I tried to replace " System.out.println("Better clean up my mess."); " with " System.out.println(c); ", then it's compiled and the results are as follows:

 Didn't work the first time. 0 Tried twice, still didn't work! 

I can't believe the variable c could be calculated. (it's the wrong number, though) Why could this happen?

Then I also tried to replace " System.out.println("Better clean up my mess."); " with " return c; " and deleted the statements below the finally block, it's compiled again...Since the finally block is executed whether or not any exceptions are thrown by the try block or caught by any catch blocks, the return c; should be executed. But here're the results:

Didn't work the first time.

looks like c couldn't get returned...

Answer 1

return c is not executed either. It goes straight to the catch block in your main method.

Answer 2

What do you expect performing an error-prone operation the second time? :)

It is gonna generate an exception of the same type you came in the catch block with, but at that time it would not be handled - you don't have another try-catch within this catch block.

The finally is executed always regardless either an exception occurs or a normal process flow proceeds. In your case, you come to the finally block with the exception and throw it to the caller ( main ) where it gets handled by its own catch block.

I wonder whether the return statement would still return the result of the division or not?

What do you want to return?
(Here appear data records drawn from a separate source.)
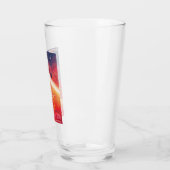 火山地獄の景色の極端な熱気球 タンブラーグラス (左)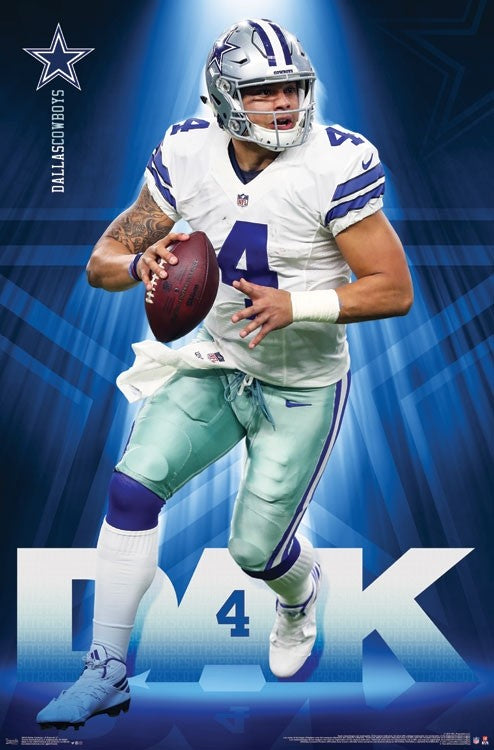 Dak Prescott Dallas Cowboys Profile Women's Plus Size Player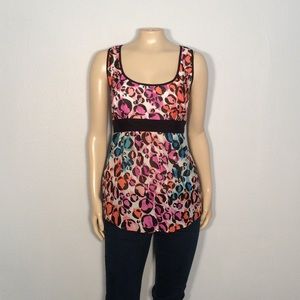 Trina Turk fun animal print top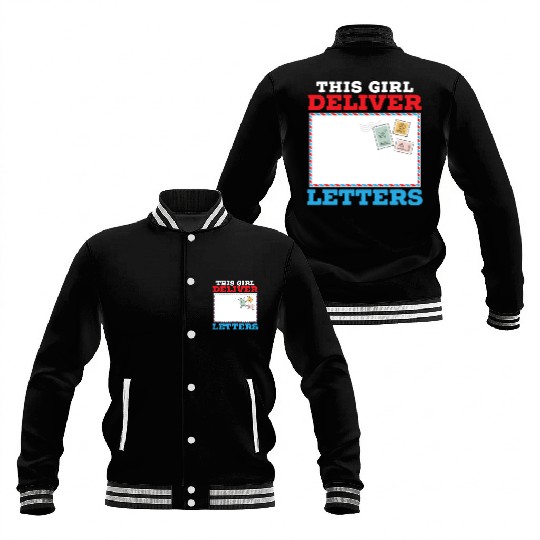 Postal Worker Mail Lady Delivery Mail Escort Baseball Jackets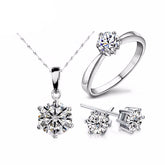 Fashion Silver Color Cubic Zircon Jewelry Sets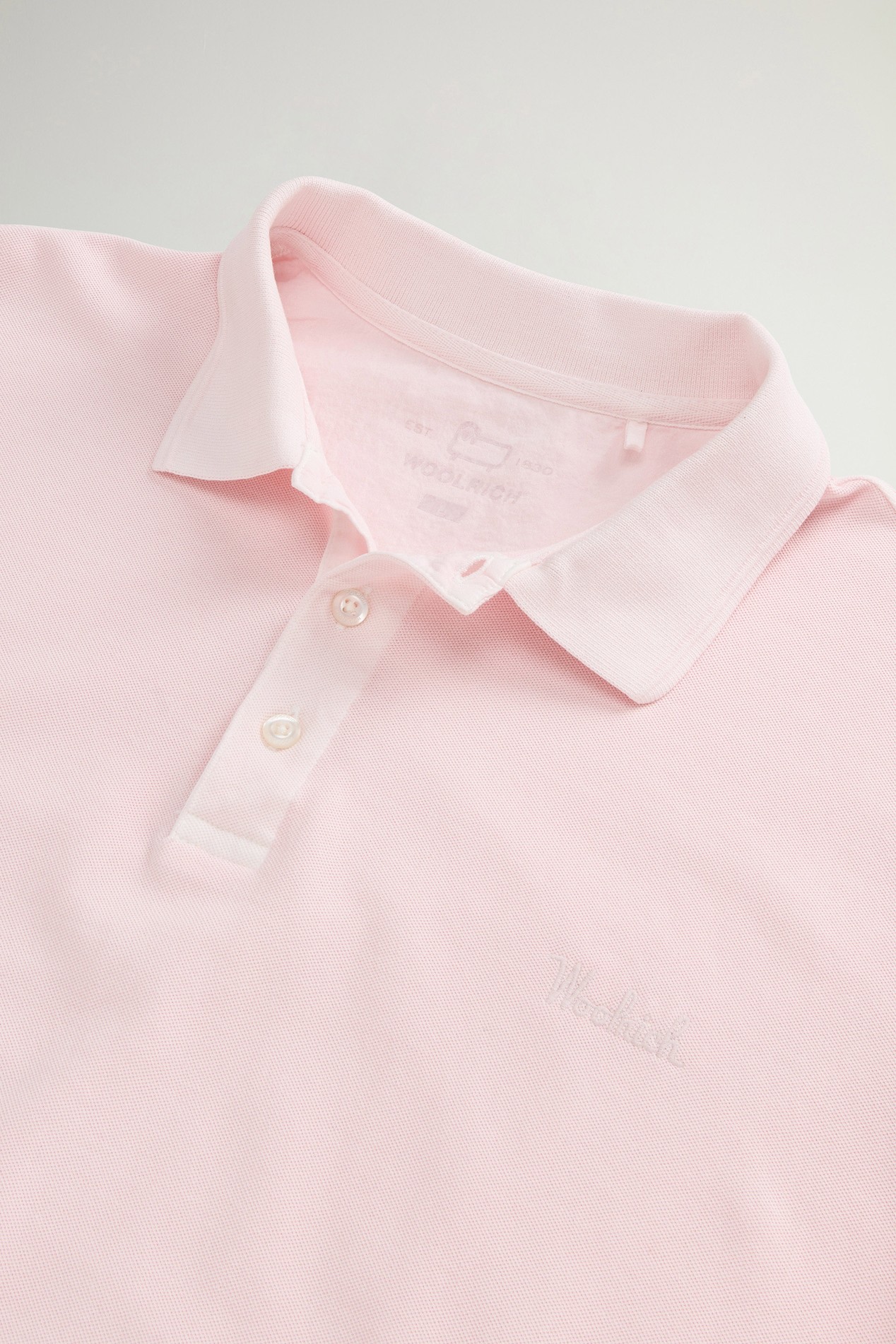 Mackinack Polo teint en pièce en sergé de coton stretch Rose photo 6 | Woolrich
You haven't initialized the variable c and there is no correct record to this variable. Therefore, Java doesn't allow to write "something unexpected or unpredictable" into the c .

Answer 3

1. A method returns some value if it is executed without exception or error.
2. finally block does not have any impact on whether return statement will be executed or not. (of course, finally block should not throw any further exception)
3. catch block determines whether that exception should be propagated further or handled within the method.

In the given example, an ArithmeticException is thrown from try block and it will be handled by respective catch block. As catch blocks again throws the same exception, given return statement would never execute.

In short, return c; is never executed in above program and variable c will be deleted as any other local variable.